In your equations $$x$$ isn't one of coordinates, it's a parameter. It could as well be $$w$$, $$q$$, $$k$$.

In 3D geometry a curve is defined in two ways:

• writing two equations among the three coordinates (not necessarily cartesian)

• giving parametric equations, i.e. three equations of the form \eqalign{ \xi &= f(u) \cr \eta &= g(u) \cr \zeta &= h(u) \cr} where $$(\xi,\eta,\zeta)$$ are coordinates - your $$(r_1,r_2,r_3)$$.

To find the constraint equations use the fact that constraints do no work, and thus the product of constraint forces $$\vec{F}$$ and velocity $$\vec{v}$$ must be zero in a vectorial form $$\vec{F} \cdot \vec{v} = 0$$

Where $$\cdot$$ is the vector inner product.

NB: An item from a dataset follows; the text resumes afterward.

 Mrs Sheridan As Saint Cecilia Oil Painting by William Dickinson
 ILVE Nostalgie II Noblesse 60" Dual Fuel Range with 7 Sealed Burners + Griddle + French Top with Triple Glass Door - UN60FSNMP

We only care about directions here, and the direction of velocity is found by differentiation $$\vec{v} = \frac{\rm d}{{\rm d}t} \vec{r}(t) = \pmatrix{1 \\ t \cos(t) + \sin(t) \\ 2 t \exp(t^2)} \dot{t}$$

Where $$\vec{r}(t) = \pmatrix{t \\ t \sin(t) \\ \exp(t^2) }$$ is the path curve equation.

So the constraint equations are all the directions orthogonal to $$\vec{v}$$. For example

$$\vec{n}_1 = \vec{v} \times \pmatrix{0\\0\\1} \propto \pmatrix{t \cos(t)+\sin(t) \\ -1 \\ 0}$$ $$\vec{n}_2 = \vec{v} \times \pmatrix{0\\1\\0} \propto \pmatrix{-2t \exp(t^2)\\0\\1}$$

Where $$\times$$ is the vector cross product.

So the constraint forces are some kind of linear combination of the two constraint directions

$$\vec{F} = \lambda_1 \pmatrix{t \cos(t)+\sin(t) \\ -1 \\ 0} + \lambda_2 \pmatrix{-2t \exp(t^2)\\0\\1}$$

You can prove that $$\vec{F} \cdot \vec{v}$$ is zero for all instances of $$t$$. So for ever $$t$$ there are two variables that describe the constraints, $$\lambda_1$$ and $$\lambda_2$$.